Good examples of the latter have included widely circulated viewing figures for major sporting and other events. On June 26th 2005, The Sunday Mirror, a UK tabloid newspaper, reported that 5.5 billion people were due to tune into the Live8 concert being broadcast around the world the following week. It was just a forecast. But given only 1.7 billion households around the world even possessed TV sets at the time it was a heroic one.
Other sources after the event had other ideas: The Hollywood Reporter reported Bob Geldof’s estimate of 3 billion viewers; the BBC suggested a figure of 2 billion, while other sources confirmed the 5 billion viewer figure. Nobody really knew, so they just made it up.

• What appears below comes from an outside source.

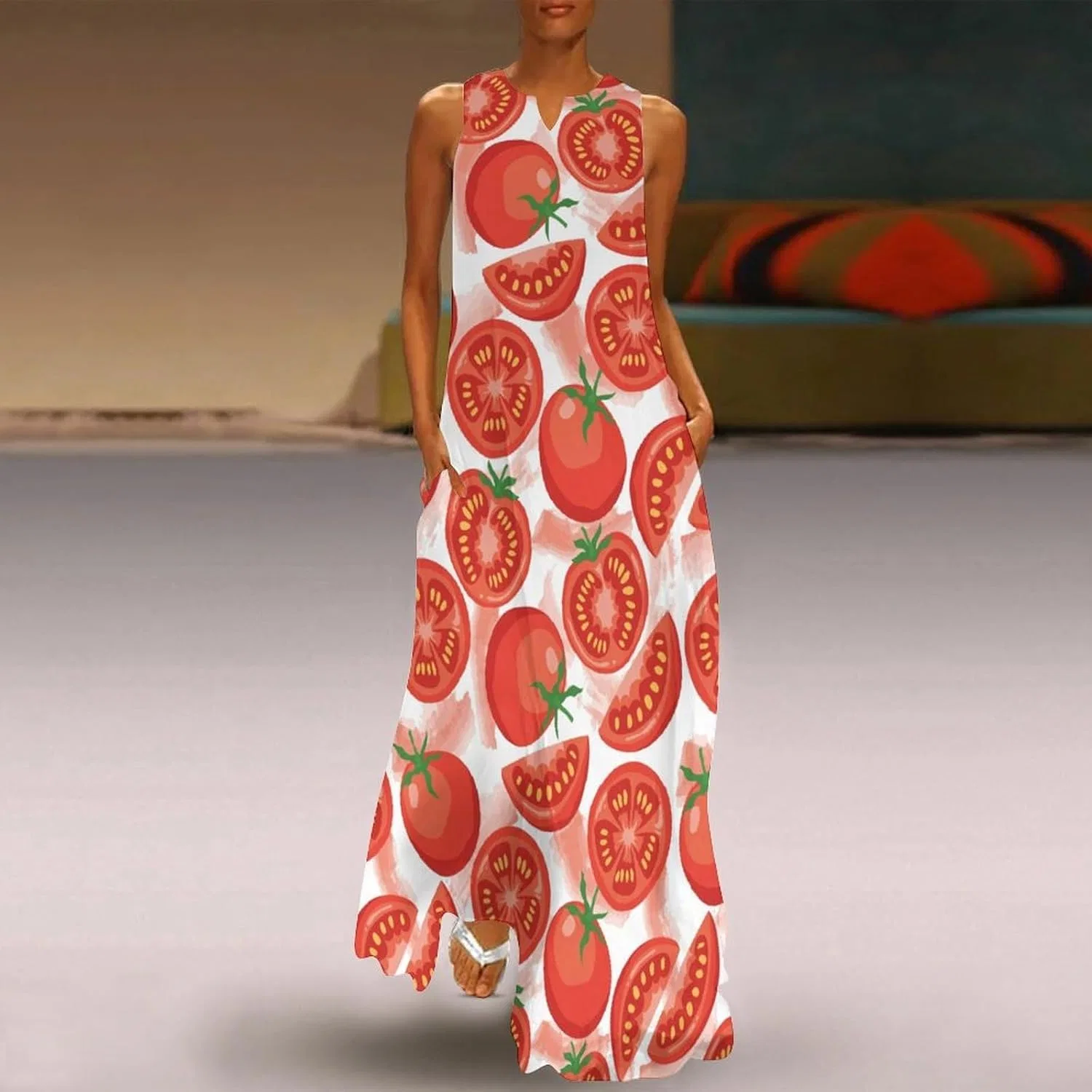Платье Cute Tomatos Женские платья Длина до щиколотки Комбинация Летнее платье Рабочее платье V-образный вырез Макси-юбка Праздничное — фото 2
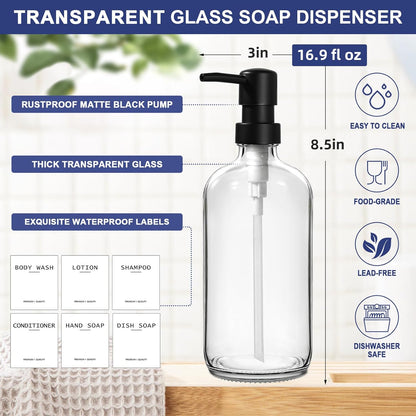 Dish Soap Dispenser for Kitchen, 16.9 fl oz Amber Hand and Dish Soap Dispensers, Kitchen Soap Dispenser Set with Sponge Holder, Brush Holder and Loofah Sponge, Countertop Sink Organizer Accessories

The Olympic Games has long enjoyed stratospheric viewer claims, usually in the billions. But the IOC last year admitted that the estimated 3.6 billion people watching the 2016 event in Rio was a count of those in households tuning in for at least one minute of the sixteen-day event on television.
This seems more reasonable, although a limitation even of these official measurement statistics is that people are reported as ‘watching’ merely by virtue of being in a room with a TV set tuned to the programme in question. Official audience data is available in around 85 countries which comprise about three-quarters of the world’s population.
By quoting these figures rather than just picking a large number from the air, progress has certainly been made (and the viewing numbers are probably an under-estimate given all the unrecorded views on digital devices and in non-measured territories).
But there are other ‘facts’ which continue to be quoted where the truth is almost impossible to verify. A well-known example is the statistic that the ‘average person’ is exposed to around 5,000 advertising messages every day. There have been variations around this number, with estimates falling anywhere between a few hundred and more than 10,000.
In 2014, Media Dynamics, Inc. in the USA attempted to quantify exposure to advertising in the main media (TV, radio, internet, newspapers and magazines). They came up with an estimate of 362 ads daily, of which they thought maybe half were noticed and half again recalled at any level.
The study omitted Out of Home media, which account for a large chunk of ‘exposures’ to advertising, especially for those living or working in cities. Research by Route in the UK found that the average person passed by 71 poster frames every day (more than 150 for those living in the largest cities).
But even this doesn’t account for the large number of brand logos viewable by anybody walking past a shop or vehicle featuring a brand name. Are these advertising exposures?
The key point is that nobody knows how many messages people are ‘exposed’ to. It is almost certainly not 5,000. Nobody could accurately count the number of messages they saw in a day, although technology exists for them to be equipped with body or head cameras that track everything in front of them, which would allow anybody interested to count the brand logos or ad messages in view over the course of a day. And even if it did add up to 5,000, would this be useful information?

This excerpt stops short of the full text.